ComScore

Hey Parents: Sleep Scorekeeping Is Probably Eroding Your Marriage

simplehappyart/Getty Images

Raise your hand if you’re a parent who’s ever awoken and (loudly) proclaimed your sleep deficit to your partner only to have them do the math right back atcha. (“You’re tired? Were you up at 5 a.m. to change a dirty diaper?”) It’s annoying. It’s irritating. It also begs the question: Why can’t we just compassionately acknowledge our partner’s hardship…and move on?

Instead, parents the world over resort to something else: Sleep scorekeeping.

Sleep scorekeeping is what happens when one parent can’t speak openly about their child-fueled sleep deficit without the other parent issuing a response that evens (or one-ups) the score. It doesn’t matter if your kid is five months or five years—parents turn into sleep scorekeepers the minute they suffer a night where their routine is thrown.

And surely this isn’t good for your marriage, right?

Correct, says Jocelyn Freeman, relationship coach and co-author of The Argument Hangover, who notes that sleep scorekeeping, go figure, is exacerbated by fatigue and actually stems from feelings of resentment that your partner isn’t acknowledging your efforts. “When we begrudgingly bring up or compete about who slept more or less than the other, what we’re really saying is, ‘Do you see me, do you appreciate me and do you know how good you have it?’” Freeman says.

Because here’s the thing: When you have a newborn, sleep deprivation is expected. You and your partner are (probably) in it together and, while it’s not enjoyable, there’s shared sympathy. But as time goes on and lack of sleep becomes normalized, there’s less acknowledgment and validation of the experience.
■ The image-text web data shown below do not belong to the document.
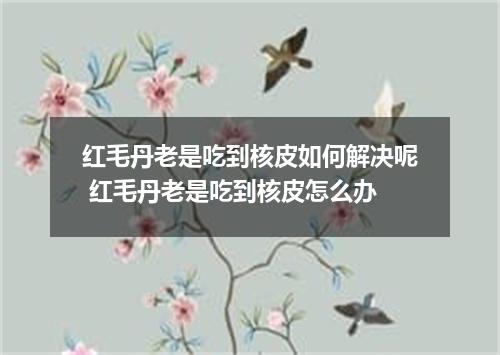 红毛丹老是吃到核皮如何解决呢 红毛丹老是吃到核皮怎么办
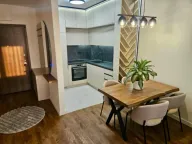 Izdavanje, jednosoban stan, 46m², Stari Aerodrom, Podgorica - image 8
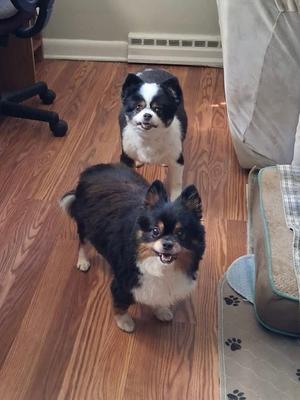 Two dogs standing on a wooden floor, one black and white and the other black and brown with a fluffy coat, both looking at the camera.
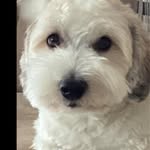 Marcel Labrie - @marcellabrie9 - Instagram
Leigh, 37, from New Hampshire agrees: “When my son was four months old, even though I was nursing and therefore the main person required for wakeups, my husband would at least try to join me in solidarity. Or have my coffee ready in the morning—a form of recognition! But now that he’s four and still sleeping horizontally in our bed most nights, I’m acutely aware that I’m the only one missing out on sleep while my husband snores—or worse, wakes up to climb into my kid’s unoccupied bed.”

A better approach than simply grousing about it? If you find you’re frequently keeping score with your partner over sleep (or anything), sit down weekly to discuss each other’s wants, feelings and needs. “Schedule it in your calendar and when sticky topics—like sleep—come up, instead of reactively expressing your frustration, try a more helpful format like ‘I have been feeling exhausted lately and waking up repeatedly. Could you handle the morning shift so that I can try to catch up? Or cover bedtime so that I can chill out/go to bed early?’” Freeman says. [In other words, insert your best-case solution here.]

Bottom line: Find time to listen to each other in an environment where you can both be calm (ie: not the middle of the night) and problem solve together. Oh—and don’t hate us for saying this—but allowing each other to get more sleep helps too.